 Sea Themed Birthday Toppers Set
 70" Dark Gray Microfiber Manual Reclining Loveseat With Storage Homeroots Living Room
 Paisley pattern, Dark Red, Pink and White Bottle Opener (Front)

* * *

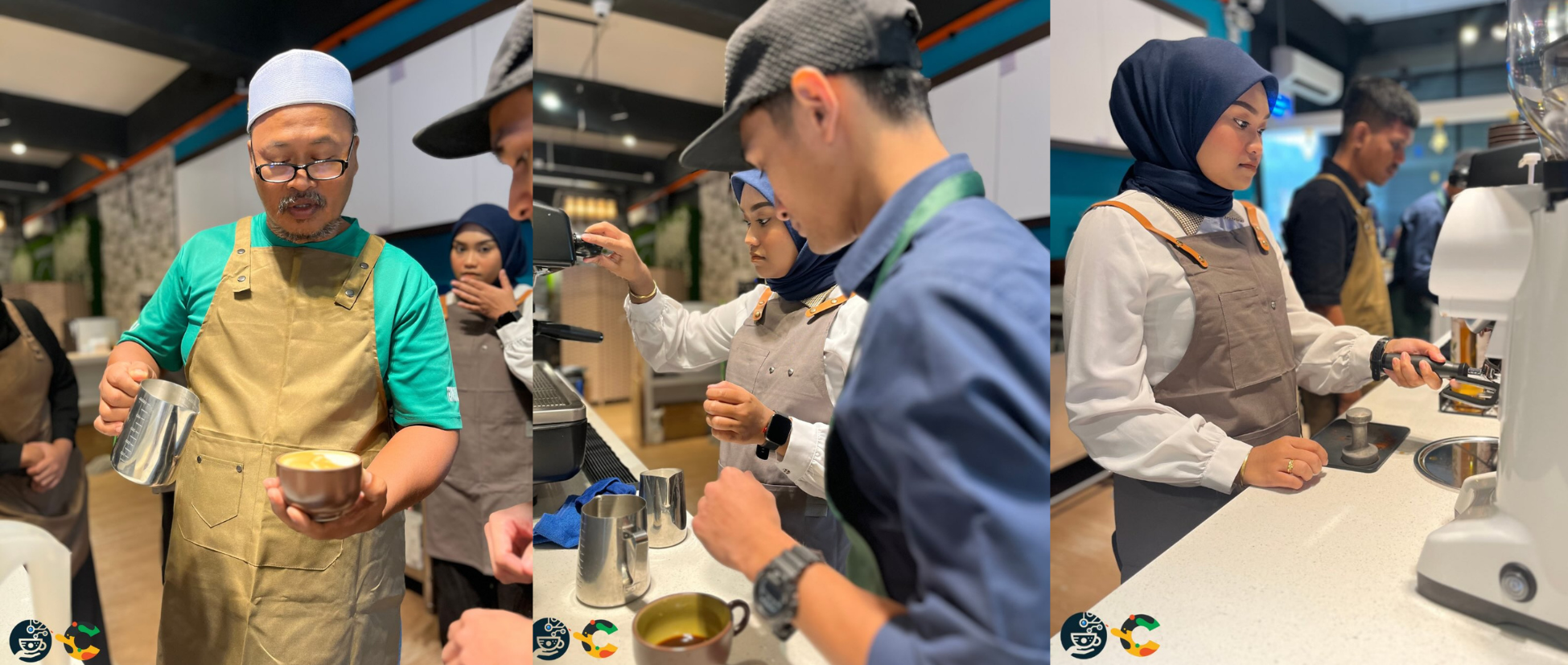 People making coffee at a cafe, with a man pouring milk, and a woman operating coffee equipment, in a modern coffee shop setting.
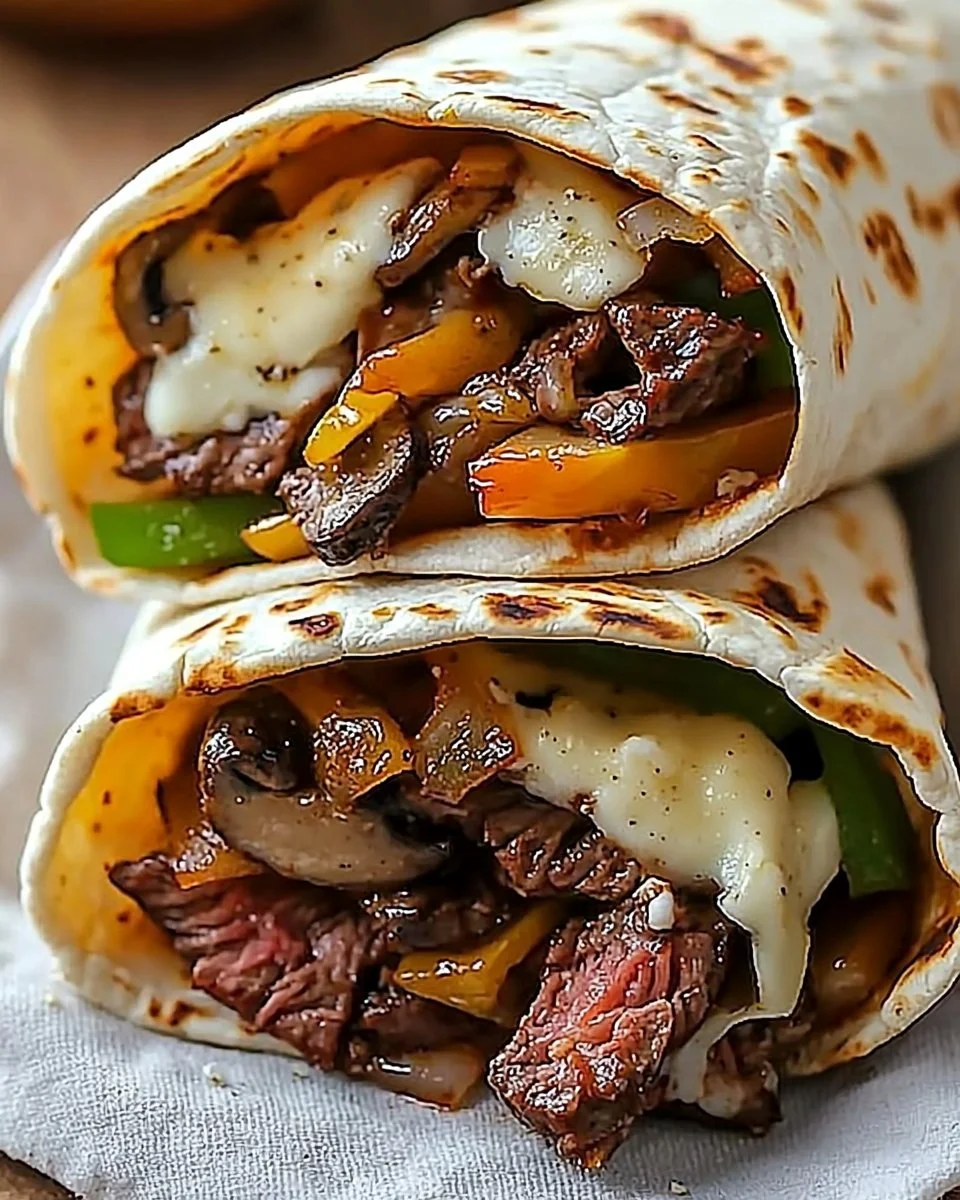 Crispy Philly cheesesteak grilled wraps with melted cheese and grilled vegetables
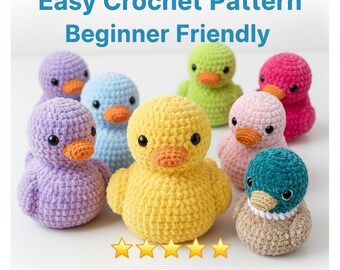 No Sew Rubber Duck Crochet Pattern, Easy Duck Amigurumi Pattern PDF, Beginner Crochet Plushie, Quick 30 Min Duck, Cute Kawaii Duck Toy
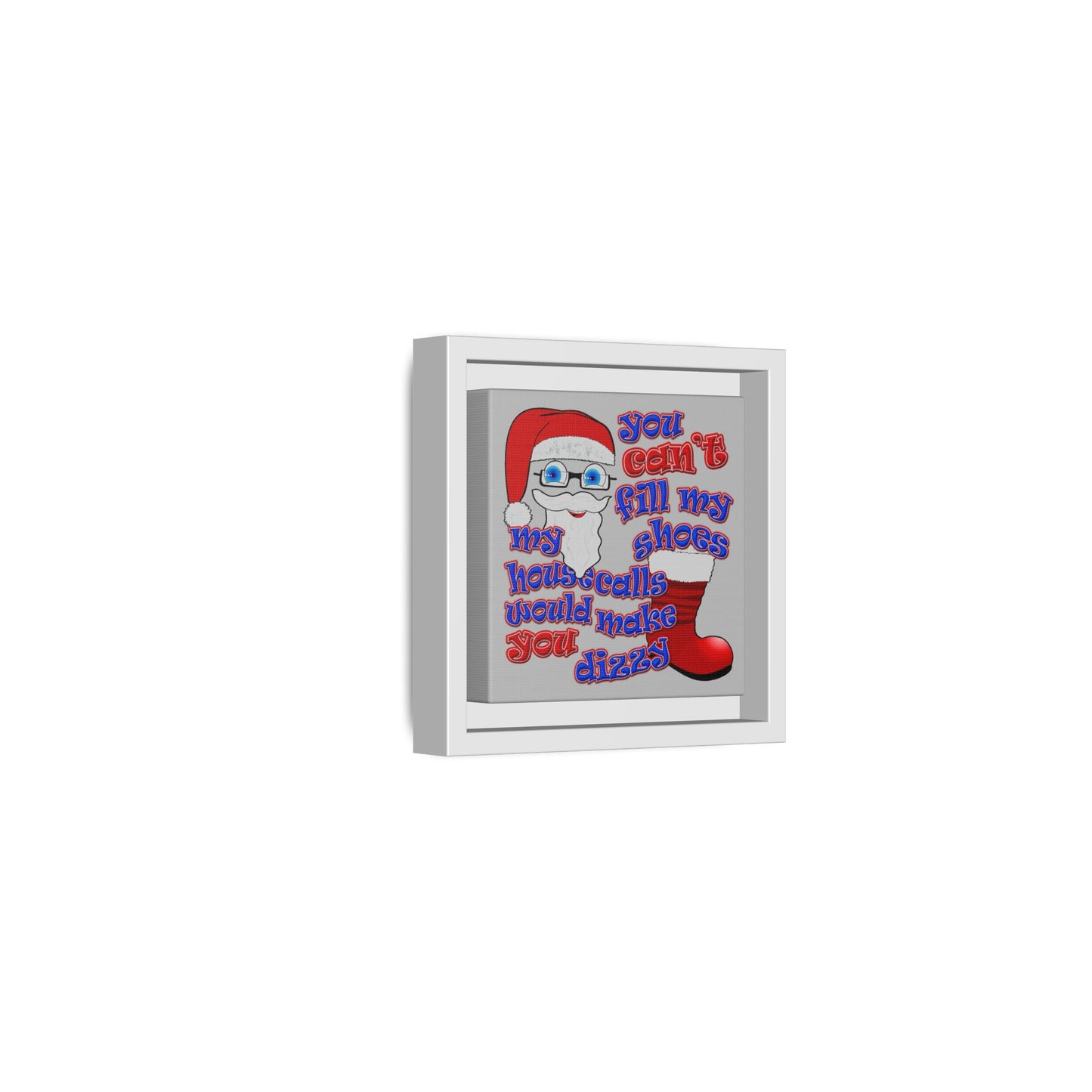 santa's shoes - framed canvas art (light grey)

* * *

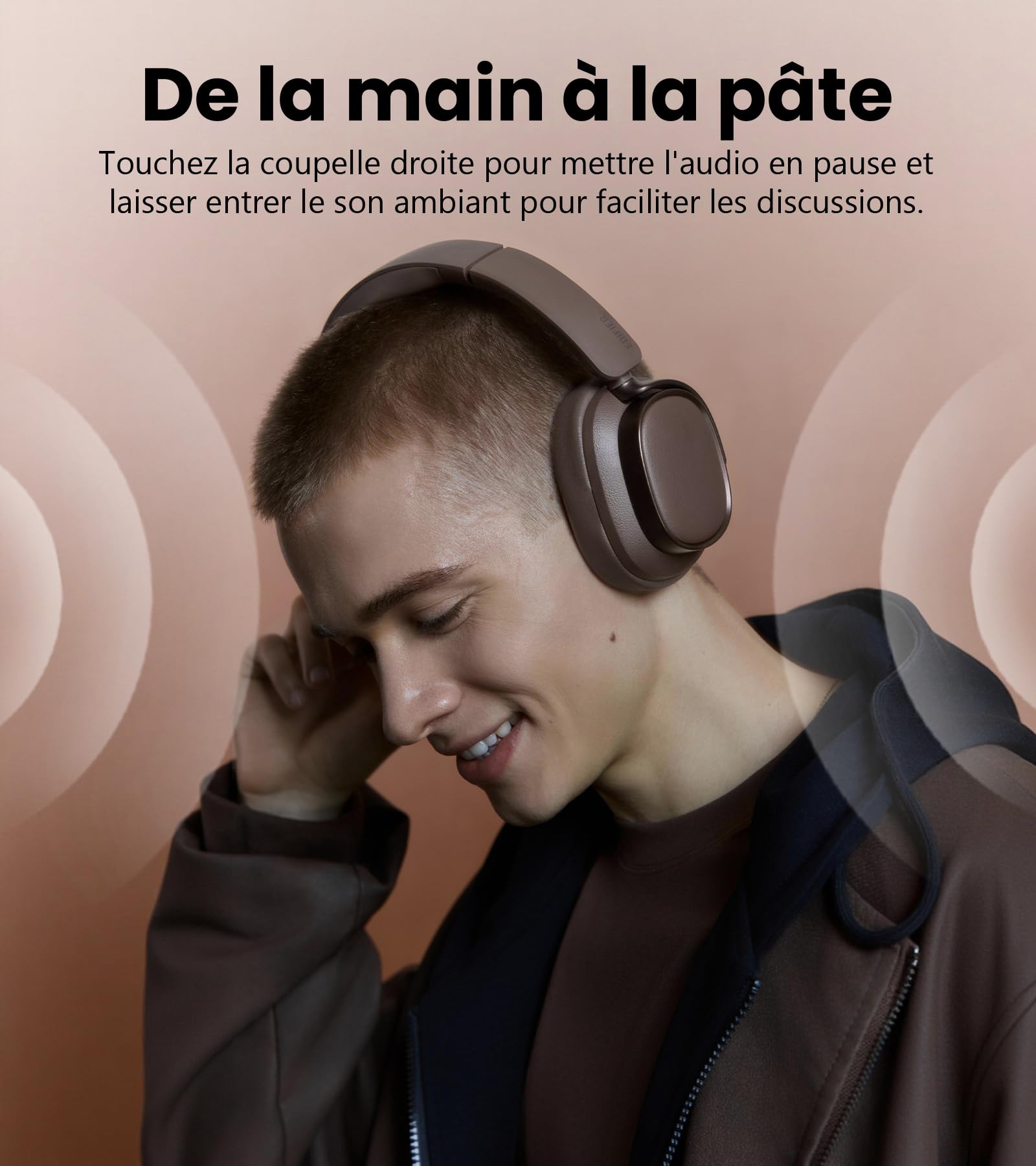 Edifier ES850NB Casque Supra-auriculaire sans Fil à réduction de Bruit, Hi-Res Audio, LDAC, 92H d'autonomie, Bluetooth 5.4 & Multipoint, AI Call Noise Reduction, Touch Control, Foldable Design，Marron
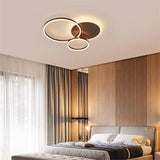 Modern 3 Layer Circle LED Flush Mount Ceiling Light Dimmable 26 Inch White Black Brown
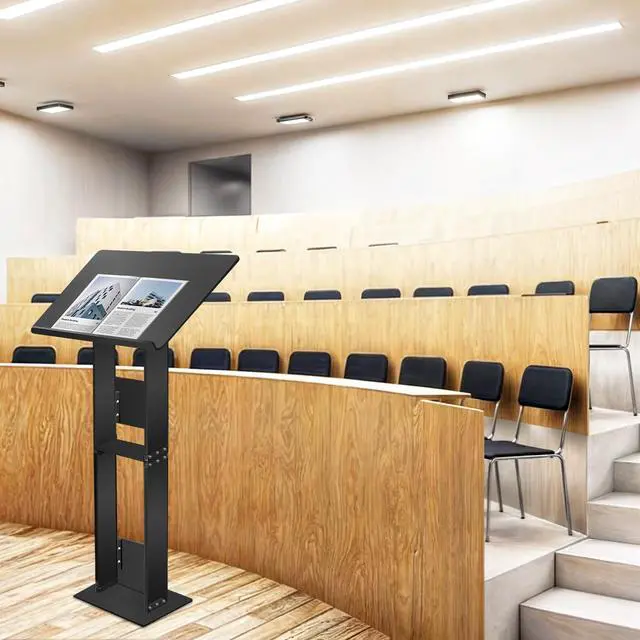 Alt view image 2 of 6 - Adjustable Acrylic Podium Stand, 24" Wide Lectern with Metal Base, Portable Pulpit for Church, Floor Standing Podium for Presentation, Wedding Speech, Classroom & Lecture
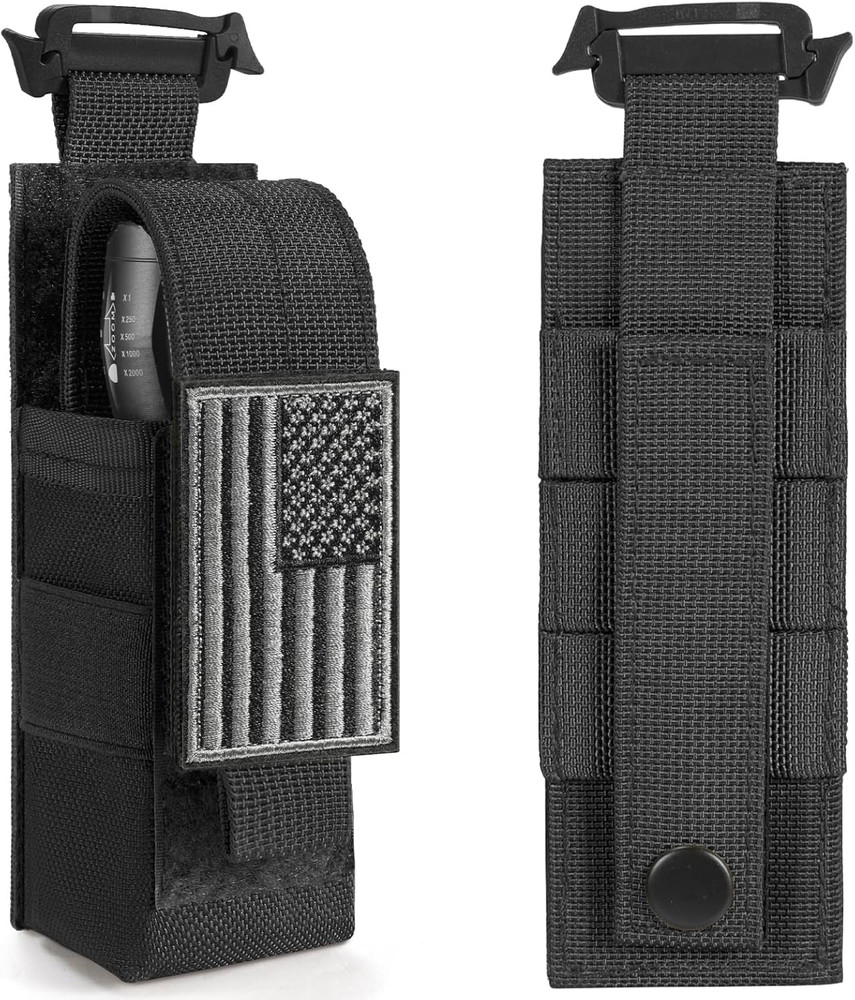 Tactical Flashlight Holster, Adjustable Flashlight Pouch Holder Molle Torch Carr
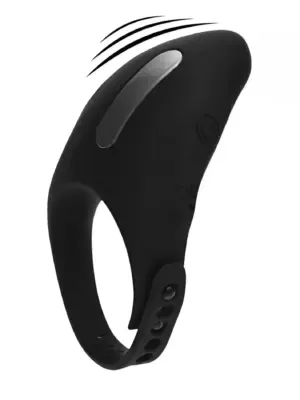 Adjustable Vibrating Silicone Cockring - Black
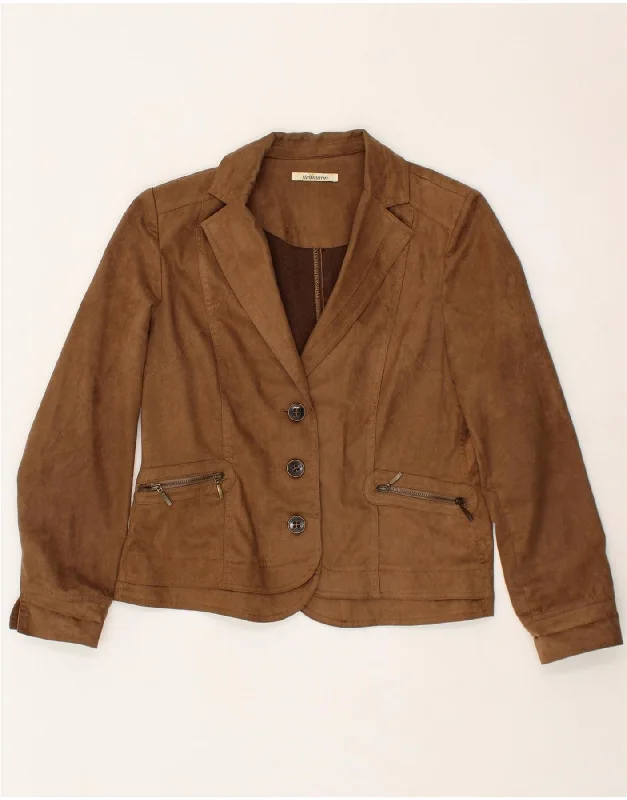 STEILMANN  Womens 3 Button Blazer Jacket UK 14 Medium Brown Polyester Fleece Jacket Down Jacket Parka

_ACTION ITEM_
From the material above, set down exactly the lines starting at the one with "Sea Themed Birthday Toppers Set" and ending at the one with "Paisley pattern, Dark", end lines included.

_RESPONSE AREA_
 Sea Themed Birthday Toppers Set
 70" Dark Gray Microfiber Manual Reclining Loveseat With Storage Homeroots Living Room
 Paisley pattern, Dark Red, Pink and White Bottle Opener (Front)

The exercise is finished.